**Task requirements:** Using the data below, transcribe exactly everything from the line that contains "Gruppenfoto von 5" down to the line that contains "A man sitting". Include both of those lines and none of the pictures.

**Dataset entries:**
Start of Block

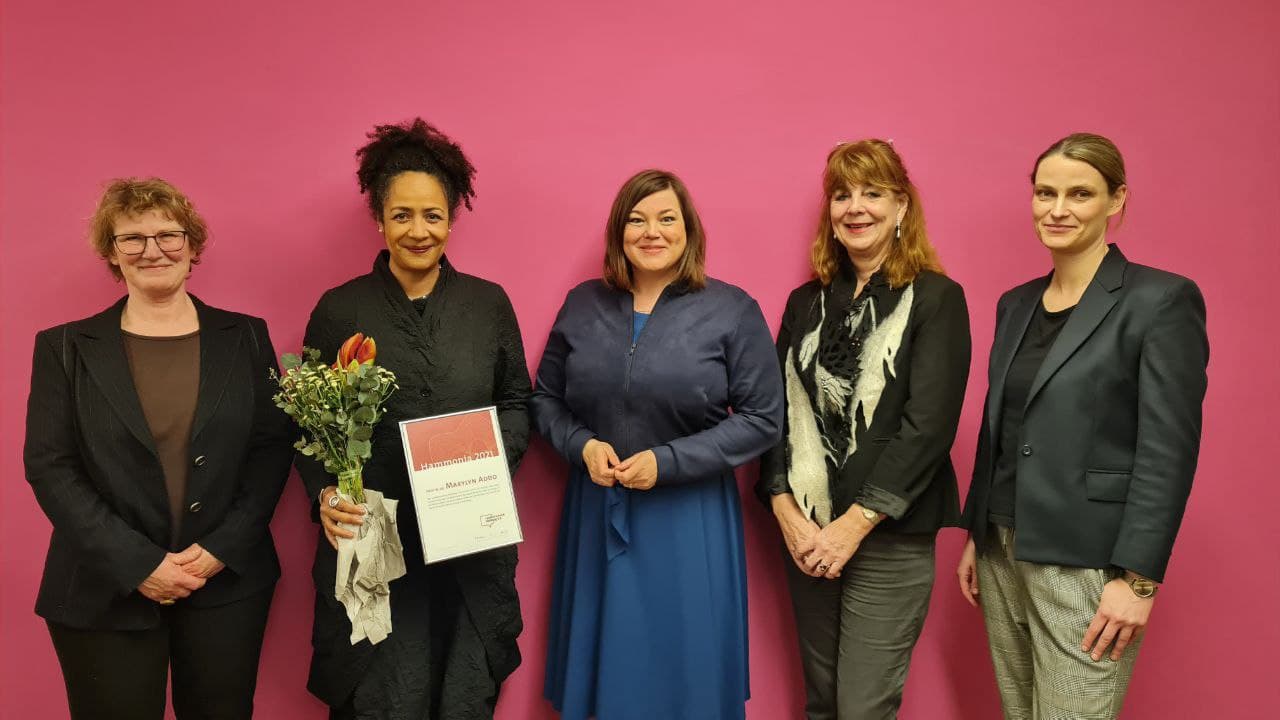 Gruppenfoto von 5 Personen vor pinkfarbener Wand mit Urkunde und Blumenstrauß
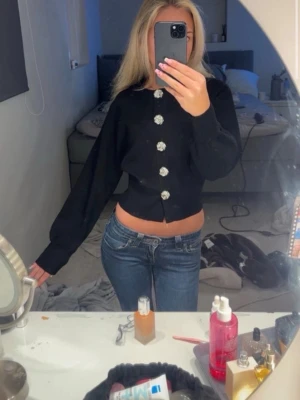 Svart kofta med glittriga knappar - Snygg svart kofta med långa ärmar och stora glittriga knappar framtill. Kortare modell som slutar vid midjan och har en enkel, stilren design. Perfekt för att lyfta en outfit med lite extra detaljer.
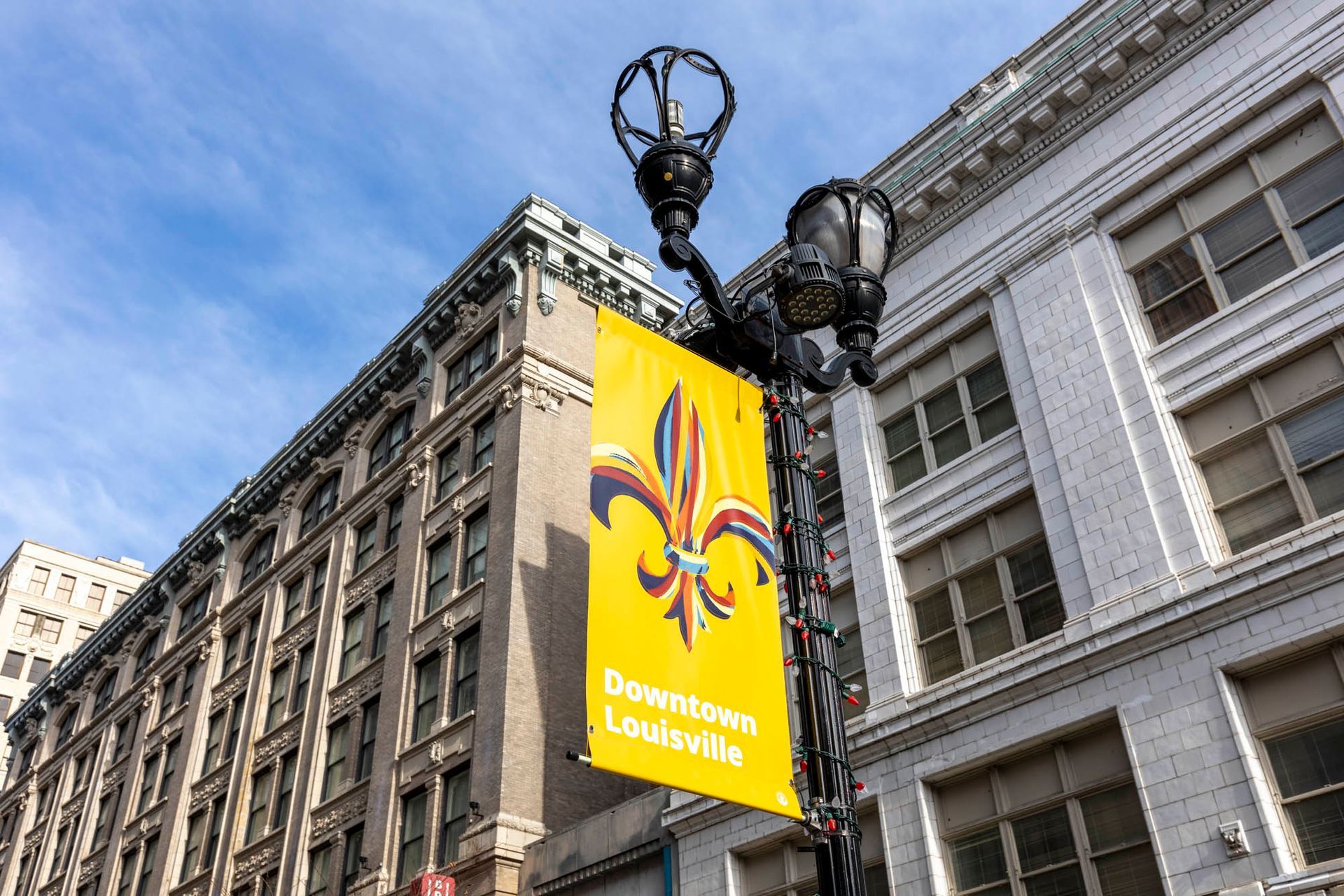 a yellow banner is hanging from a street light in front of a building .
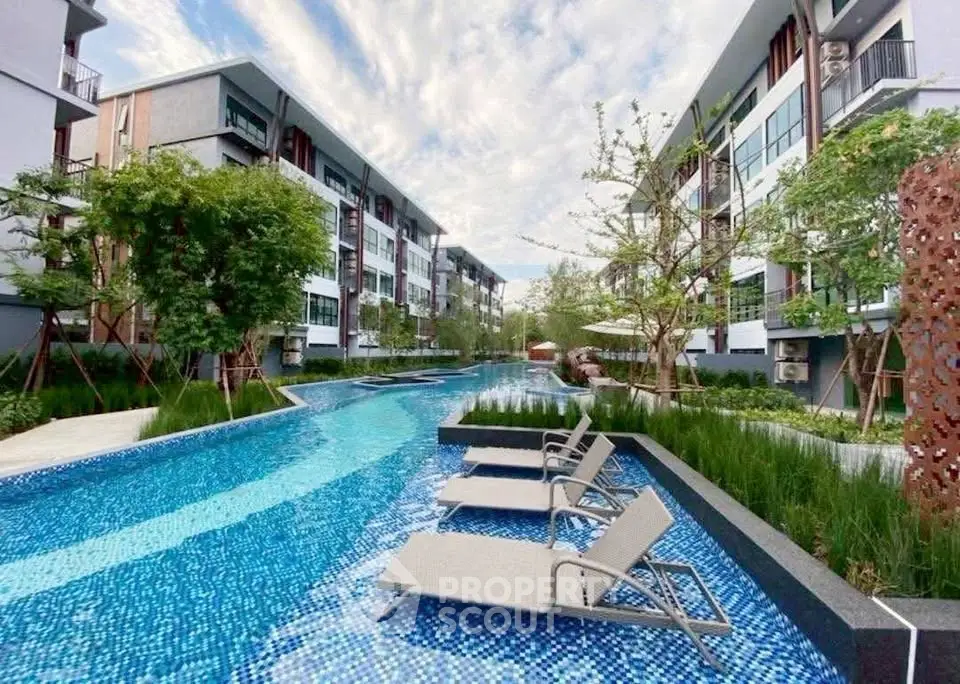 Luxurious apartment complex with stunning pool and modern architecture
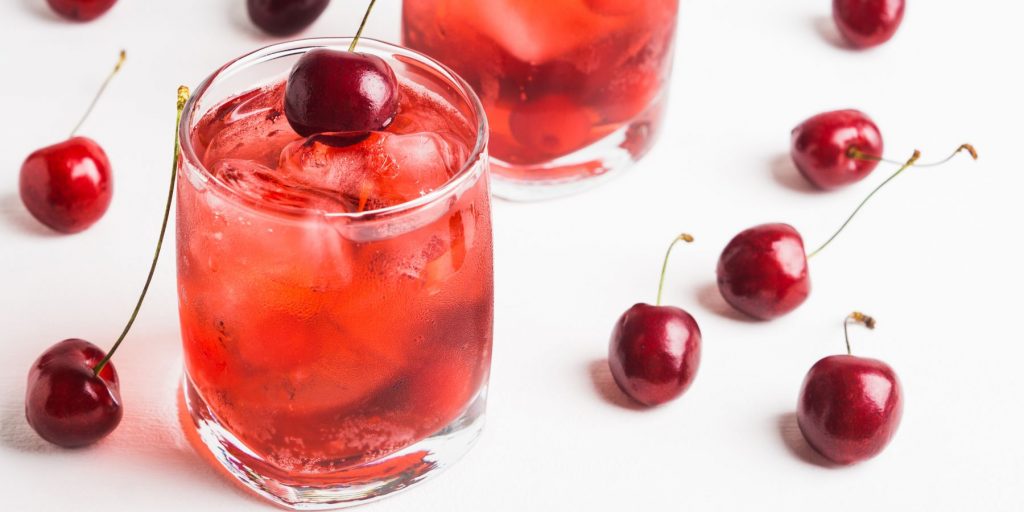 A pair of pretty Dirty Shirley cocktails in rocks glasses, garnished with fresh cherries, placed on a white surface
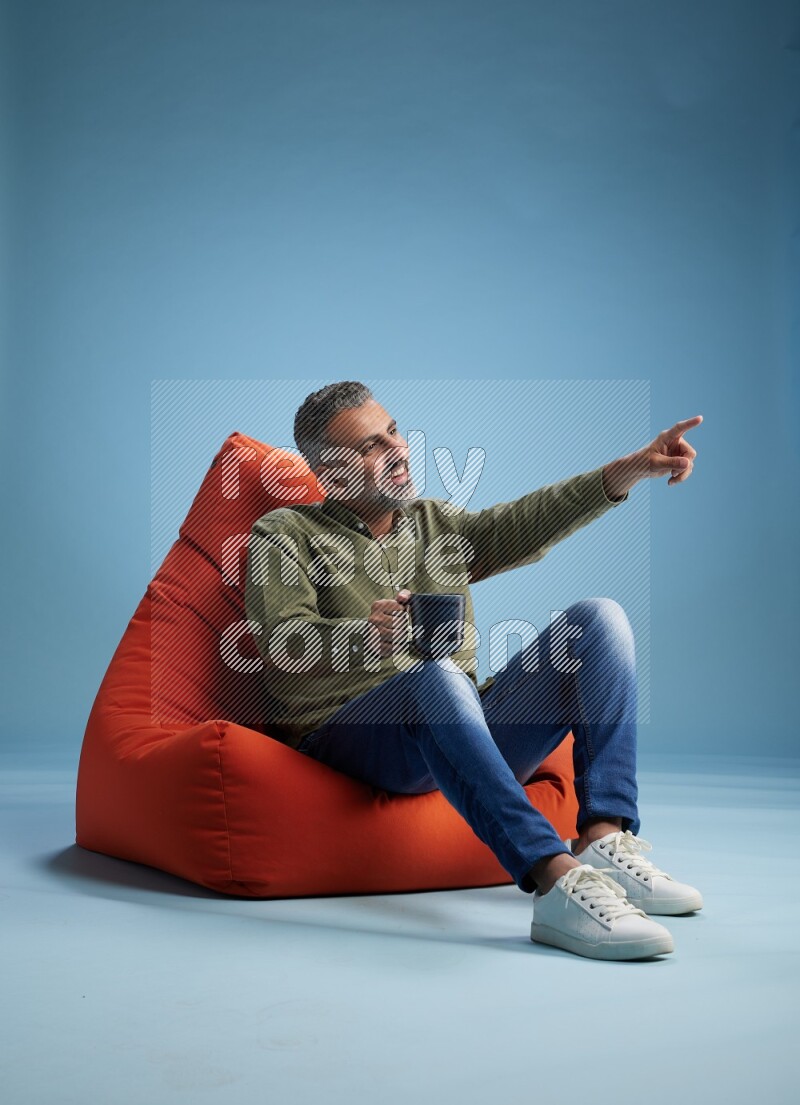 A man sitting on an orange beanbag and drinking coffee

End of Block
Start of Block

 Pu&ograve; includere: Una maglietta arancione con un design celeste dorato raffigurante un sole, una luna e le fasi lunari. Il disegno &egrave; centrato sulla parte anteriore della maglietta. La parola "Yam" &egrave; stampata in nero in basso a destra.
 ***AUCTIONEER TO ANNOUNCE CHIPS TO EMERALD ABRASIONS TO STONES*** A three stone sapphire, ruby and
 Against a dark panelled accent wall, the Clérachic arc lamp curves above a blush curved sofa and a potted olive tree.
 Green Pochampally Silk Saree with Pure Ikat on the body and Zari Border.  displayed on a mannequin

End of Block
Start of Block

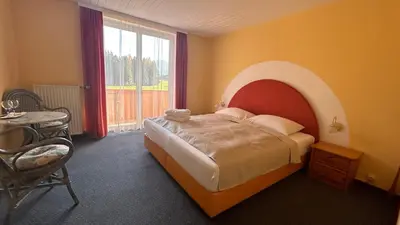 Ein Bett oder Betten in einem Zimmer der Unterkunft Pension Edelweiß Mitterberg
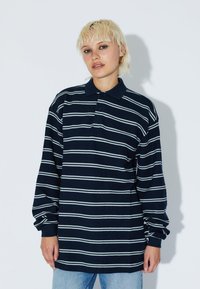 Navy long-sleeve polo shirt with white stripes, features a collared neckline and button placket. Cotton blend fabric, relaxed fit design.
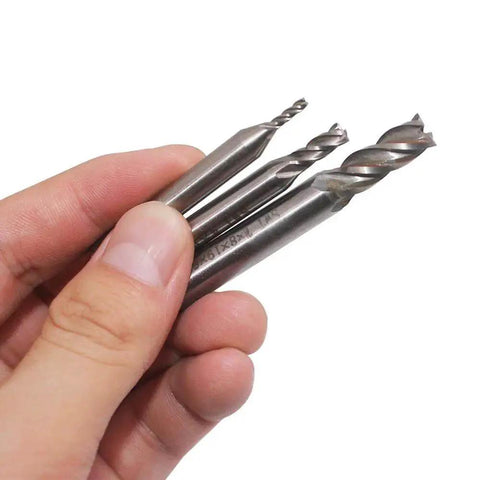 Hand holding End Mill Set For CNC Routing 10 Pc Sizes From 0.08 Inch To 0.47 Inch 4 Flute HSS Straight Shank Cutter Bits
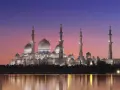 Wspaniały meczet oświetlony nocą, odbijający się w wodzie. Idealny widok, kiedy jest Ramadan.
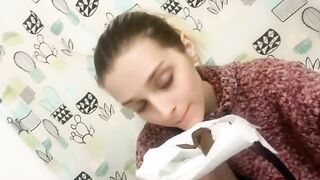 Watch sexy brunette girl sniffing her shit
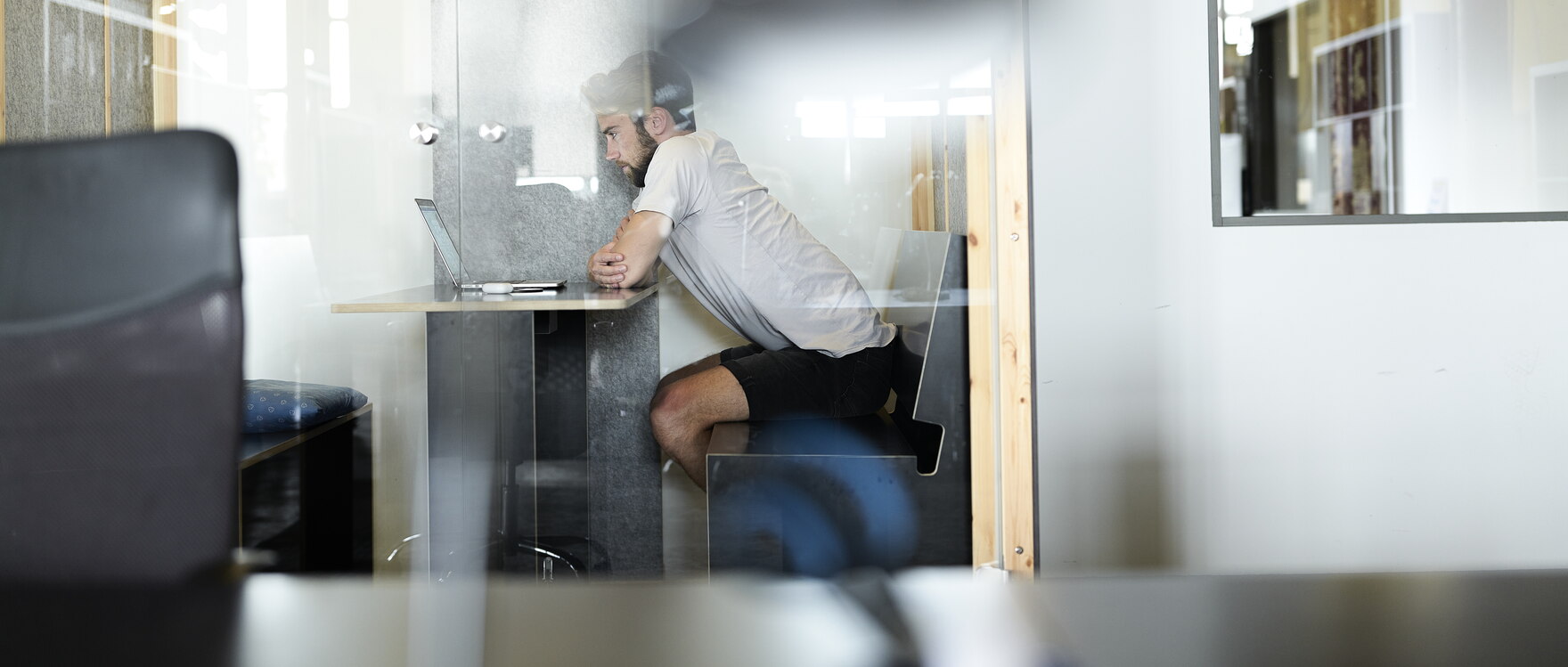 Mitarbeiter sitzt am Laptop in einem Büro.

End of Block

**Solution to this problem:**
 Gruppenfoto von 5 Personen vor pinkfarbener Wand mit Urkunde und Blumenstrauß
 Svart kofta med glittriga knappar - Snygg svart kofta med långa ärmar och stora glittriga knappar framtill. Kortare modell som slutar vid midjan och har en enkel, stilren design. Perfekt för att lyfta en outfit med lite extra detaljer.
 a yellow banner is hanging from a street light in front of a building .
 Luxurious apartment complex with stunning pool and modern architecture
 A pair of pretty Dirty Shirley cocktails in rocks glasses, garnished with fresh cherries, placed on a white surface
 A man sitting on an orange beanbag and drinking coffee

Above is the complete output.